The concept of tortious liability is based on three or four identified principles viz; the concept of duty of care, the breach of duty of care, the concept of foreseeability and remoteness of damage resulting from the breach and sometimes the question of causation is given a separate treatment although it can be subsumed into remoteness of damage and foreseeability.
Suffice it to say to say that among all the above-mentioned concepts that foreseeability is the key concept in determining tortious liability.
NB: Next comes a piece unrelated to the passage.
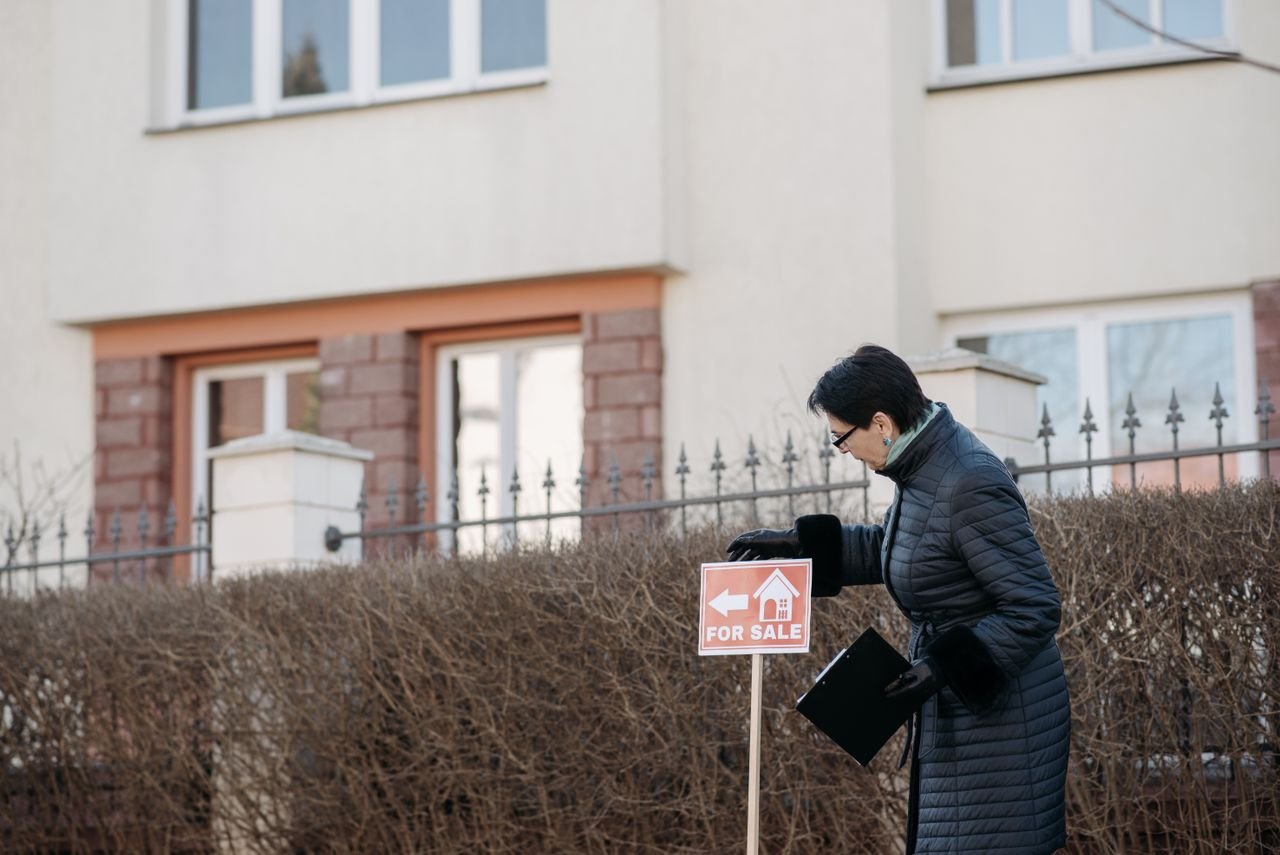 testimonials-img Real estate agent in a black coat placing a 'For Sale' sign in front of a house.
See Viscount Simmonds in the case of Overseas Oil Tankship Ltd v Morts Dock Engineering Ltd [1961] popularly known as the Wagon Mound’s case.
Foreseeability of harm is therefore the touchstone for the imposition of a duty of care in determining tortious liability in any given case: and in the context of tortious liability for physical injury, it is usually sufficient on the part of a plaintiff or claimant to establish the existence of a duty of care on the part of the defendant owed to the plaintiff/claimant in a given situation. See the famous case of Donoghue v Stevenson [1932] per Lord Atkin of the House of Lords [as he then was]. In other words, where a plaintiff is at risk of physical harm as a plaintiff and the defendant can foresee this, liability will kick in the given situation. This is sometimes characterised as the doctrine of remoteness of damage or injury. Accordingly, a plaintiff cannot recover damages or compensation for injuries which are too remote in the sense that they were not reasonably foreseeable as arising from the defender's conduct. See the case of Overseas Oil and Tankship Ltd v Morts Dock Engineering Ltd [The Wagon Mound case [1969]. See also the earlier court of appeal decision in Re Polemis [1948]. Note that Re Polemis case is no longer a good authority as it has been overtaken by the new rule in Wagon Mound case for the earlier judicial approach to the vexed issue of foreseeability.
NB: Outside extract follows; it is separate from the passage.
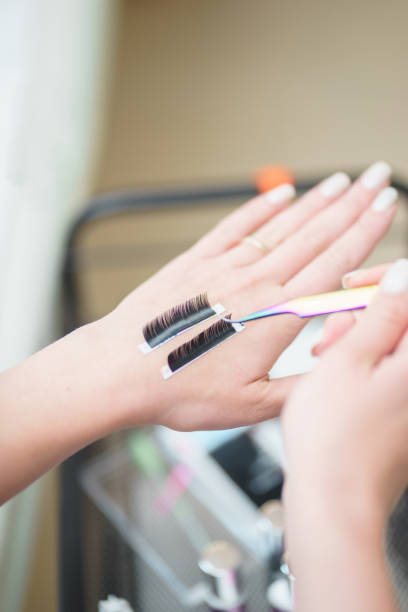 istock Aesthetic medicine, eyelash extension process: girl's hand with tools 1329775706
For our purposes, the important point to notice is that liability is denied not by the court's refusal to impose a duty of care but by its finding that the duty was not breached in the particular circumstances of the case. Confusion can arise because the concept of reasonable foreseeability plays a vital role in both situations ie; the initial imposition of a duty of care and whether it has been breached in the circumstances. While the result of both processes might appear the same in that there is a denial of liability, the former operates at a more fundamental level than the latter. The refusal to impose a duty of care means that the plaintiff's case fails in limine; indeed, it can be considered a question of law which can be determined as an issue of relevancy. Besides, the courts use the twin concepts of reasonable foreseeability and duty of care to circumscribe the parameters of tortuous liability in any given case.
See, for example, Donoghue v Stevenson 1932 A C (HL); Marc Rich & Co AG v Bishop Rock Marine Co Ltd, The Nicholas H [1996] AC211, Lord Steyn at 235. Where physical harm to the plaintiff is reasonably foreseeable, there will usually be a sufficient degree of proximity or propinquity between the plaintiff and defendant so that it is fair, just and reasonable to impose a duty of care upon the defendant: See Caparo Industries plc v Dickman [1990] 2 AC 605. This is the current position of the law in this area.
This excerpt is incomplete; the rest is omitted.